As I’ve mentioned before on this blog, there are lots of similarities between Kierkegaard’s and MacDonald’s thought. Mine was the only paper, however, comparing the two. There is talk of all the papers presented in celebration of MacDonald’s bicentenary being published, so I won’t give you the whole paper here. The paper, “Ad Fontes: Kierkegaard and MacDonald on ‘Original Christianity,’” argues that “Kierkegaard and MacDonald share a reverence for the original Christian texts and a healthy skepticism for the official Christian tradition and its tendency to lapse into dogmatism and authoritarianism, that was unusual both for their own time and for ours and that this reverence and skepticism reveals a deep affinity in their thought concerning the true message of Christianity and the nature of Christian life.” Both Kierkegaard and MacDonald, I observe in the paper, had extensive knowledge of ancient Greek and used this knowledge to correct what they felt to be errors in the interpretation of the Christian message. Again, I’m not going to present my entire argument here. I will, however, give you a little taste of the nature of my argument. The paper begins…

Ad fontes, or “to the sources,was one of the rallying cries of the Protestant Reformation. It appears in Psalm 41 of the Latin Vulgate (Psalm 42 in most other versions), which reads “As the hart panteth after the water brooks,(desiderat cervus ad fontes aquarum) so panteth my soul after thee, O God.” 

The sources, or fonts, as we say in English, of Christian faith are first and foremost the earliest Christian writings, and to access these requires considerable knowledge of ancient Greek.
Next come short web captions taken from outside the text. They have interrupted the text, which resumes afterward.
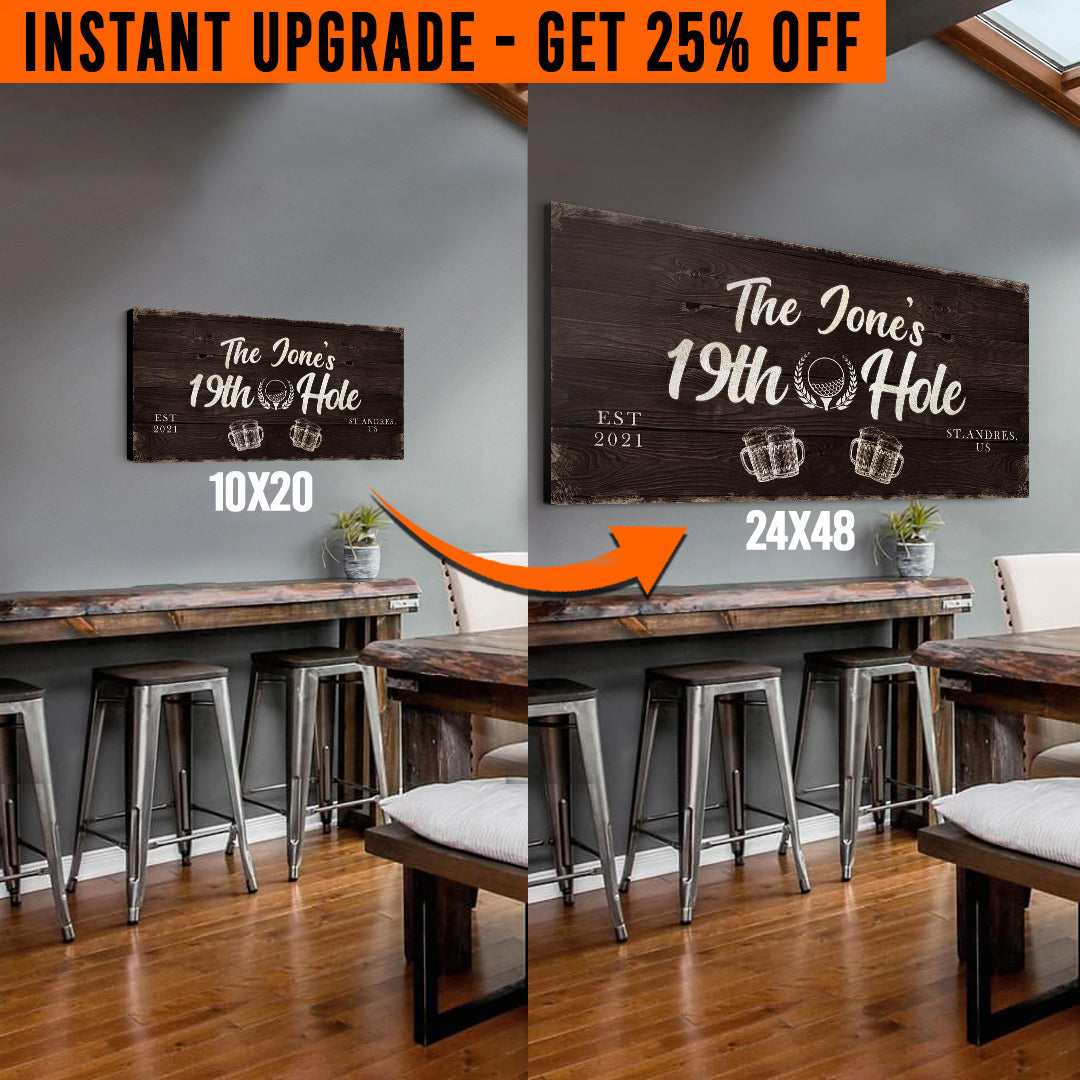 Upgrade Your 20x10 Inches &amp;#39;19th Hole Golf&amp;#39; (Style 2) Canvas To 48x24 Inches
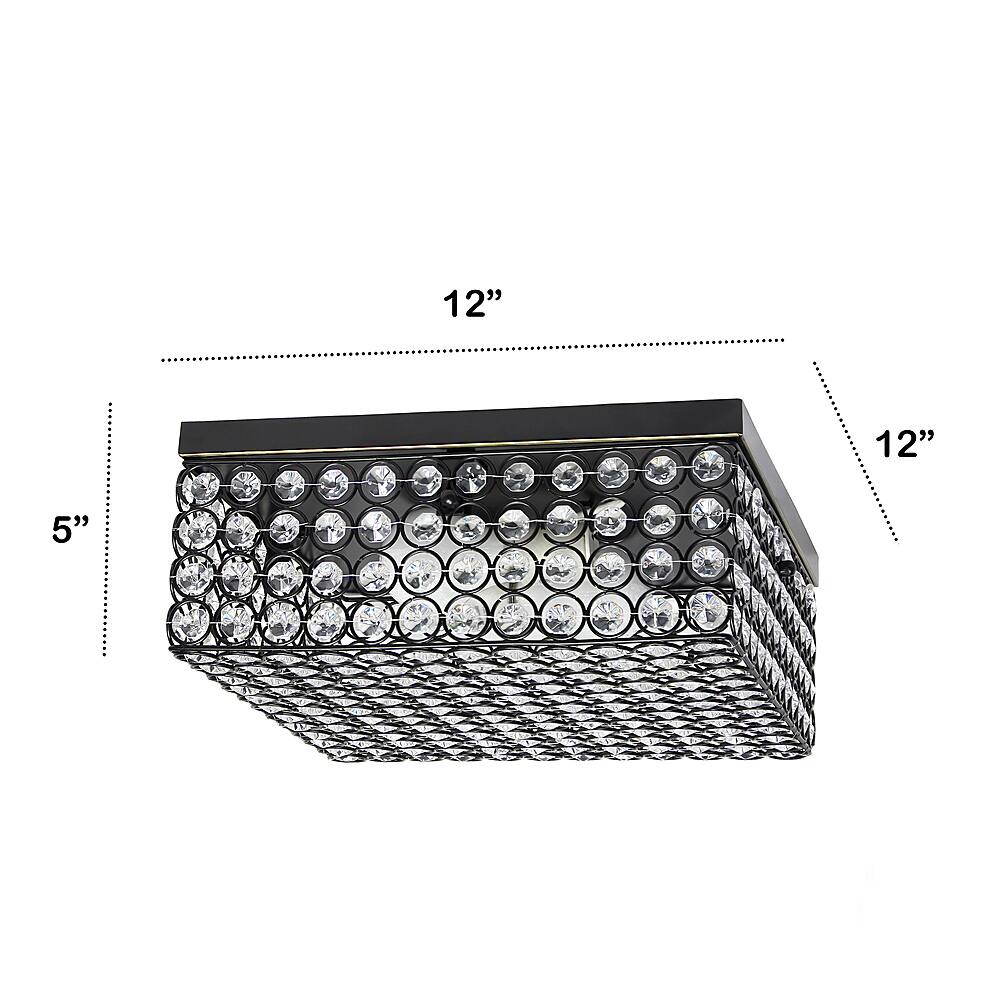 Left View: Lalia Home - Glam 2 Light 12 Inch Square Flush Mount - Restoration Bronze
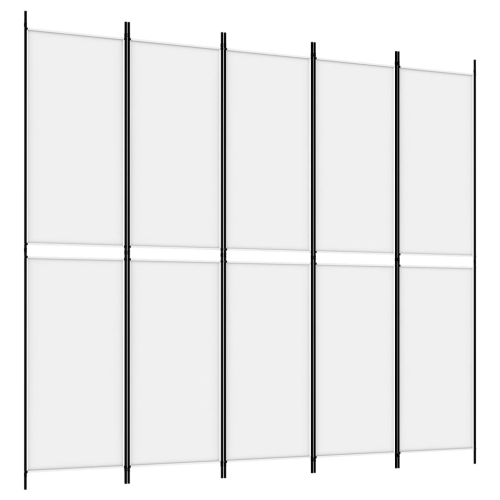 VIDAXL  5-Panel Room Divider 250X220 Cm Fabric In White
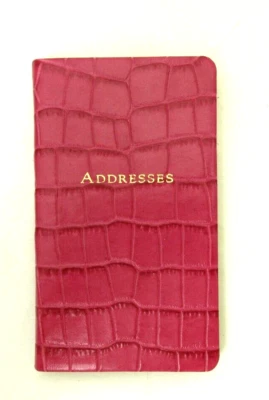 Graphic Image Address Book Pocket Size 3x5" Leather Cover Pink Crocodile list$40 - Image 1 of 4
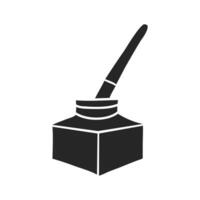 Hand drawn Ink pot icon with brush vector illustration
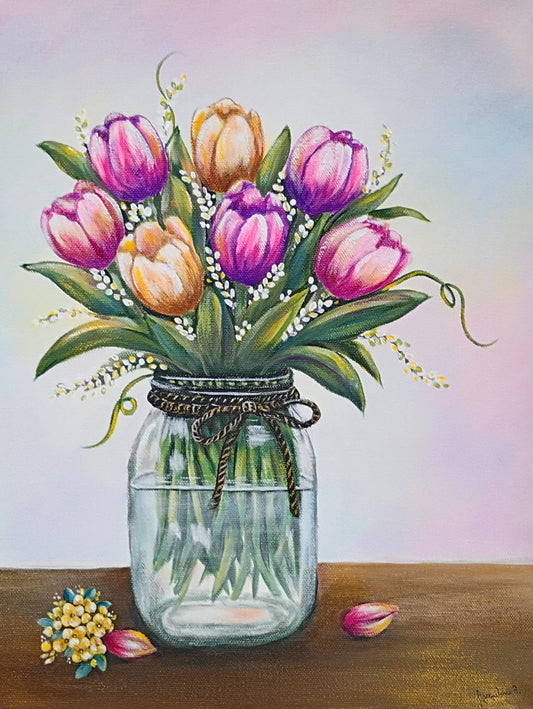 Tulip Time Greeting Card Set (Pack of 4)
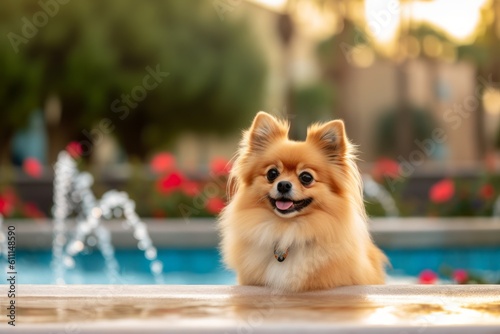 Medium shot portrait photography of a curious pomeranian having a butterfly on its nose against fountains and water features background. With generative AI technology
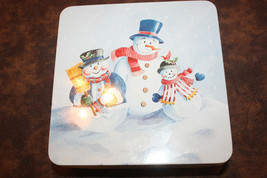 Vintage Snowman Winter Scene Blue Square Tin - $3.99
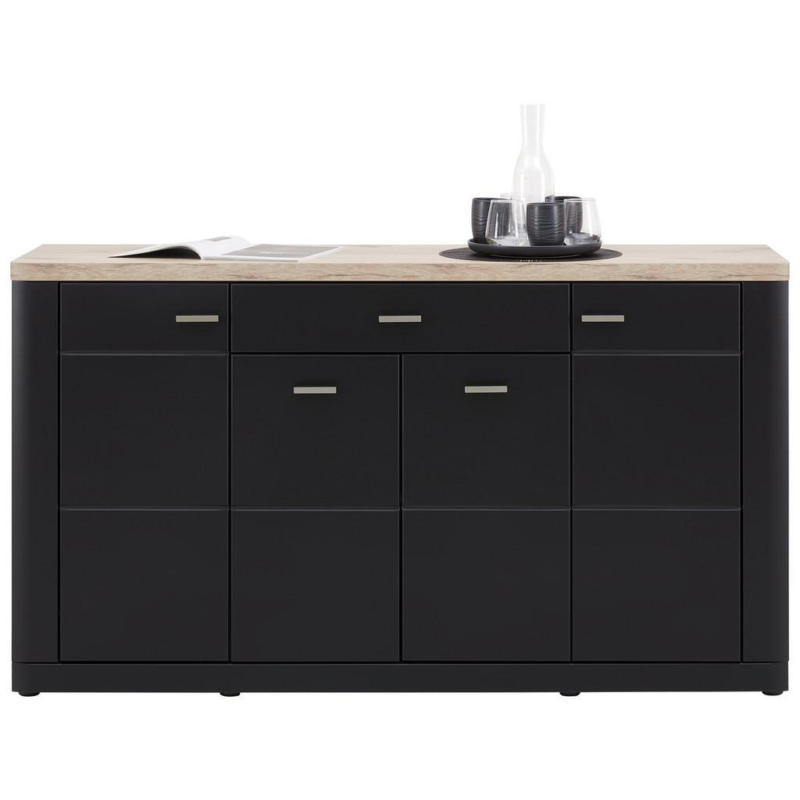 Sideboard B: 156 cm Game Schwarz Matt/Eiche Dekor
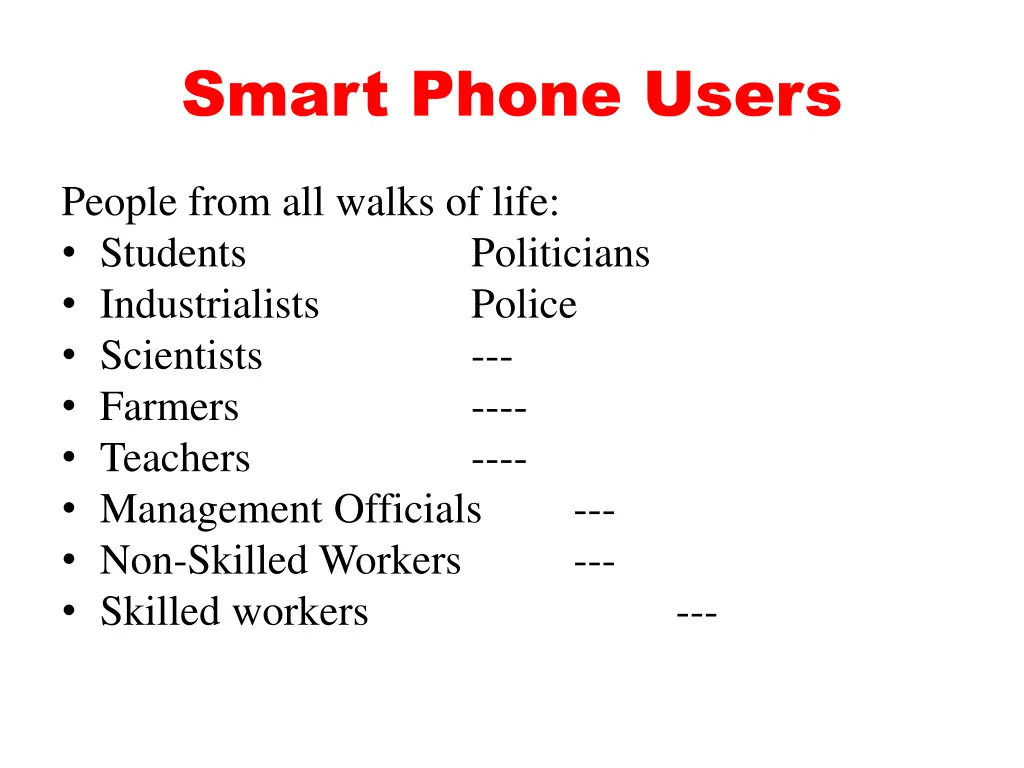 smart phone users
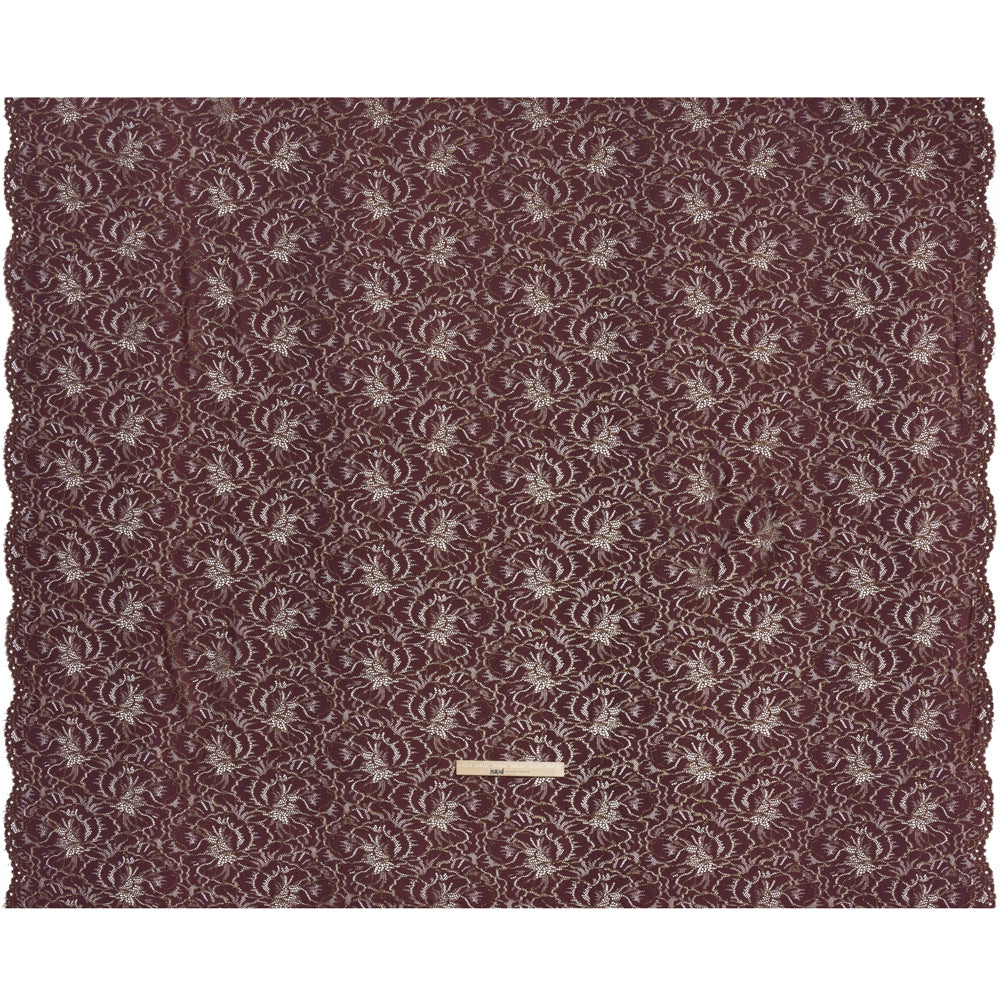 Stretch Metallic Corded Lace with Finished Edges - Deep Orchid Purple and Gold Bold Blooming Florals - Dania Collection Stretch Metallic Corded Lace with Finished Edges - Deep Orchid Purple and Gold Bold Blooming Florals - Dania Collection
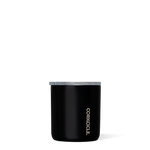 Corkcicle 12oz Buzz Cup in Matte Black – sleek, triple-insulated stainless steel cup with a matte black finish, designed for hot coffee or chilled cocktails. Includes a spill-resistant lid and maintains drink temperature for hours. Stylish and durable—available at Be Charmed.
It is not merely the earliest manuscripts of the New Testament that were written in Greek, but also the works of the earliest of the Church Fathers.”

The paper gives a number of example where both Kierkegaard and MacDonald use their knowledge of ancient Greek to defend their own interpretations of the true message of Christianity. The paper, as a whole, is yet another argument in support of the view that Kierkegaard, like MacDonald, was a universalist, and while I didn’t have the space to develop the argument in the detail I would like, I think I made a fairly convincing case, drawing not merely on texts from the works of both thinkers but also on the impressive scholarship of Ilaria Ramelli and David Konstan, whose co-authored book Terms for Eternity: Aiônios and Aïdios in Classical and Christian Texts makes a very compelling argument that there are few if any references to eternal damnation anywhere in the New Testament. This fact has been obscured by church history which, from the period of at least Augustine onward, has arguably systematically misinterpreted the meanings of these terms. Scholars well-versed in ancient Greek, however, as both Kierkegaard and MacDonald were, would certainly have been aware of the paucity of references to eternal damnation in the New Testament as well as of the fact that the church appears to have labored mightily to obscure this. This fact could actually be one of the reasons that both thinkers exhibit such a healthy skepticism for the authority of various thinkers throughout church history. Interesting, eh?

The Yale MacDonald conference was such a success, that we are hoping to be able to make it a regular event every two, or perhaps three years. So there is time for you Kierkegaard scholars to familiarize yourself with MacDonald’s thought before the next conference!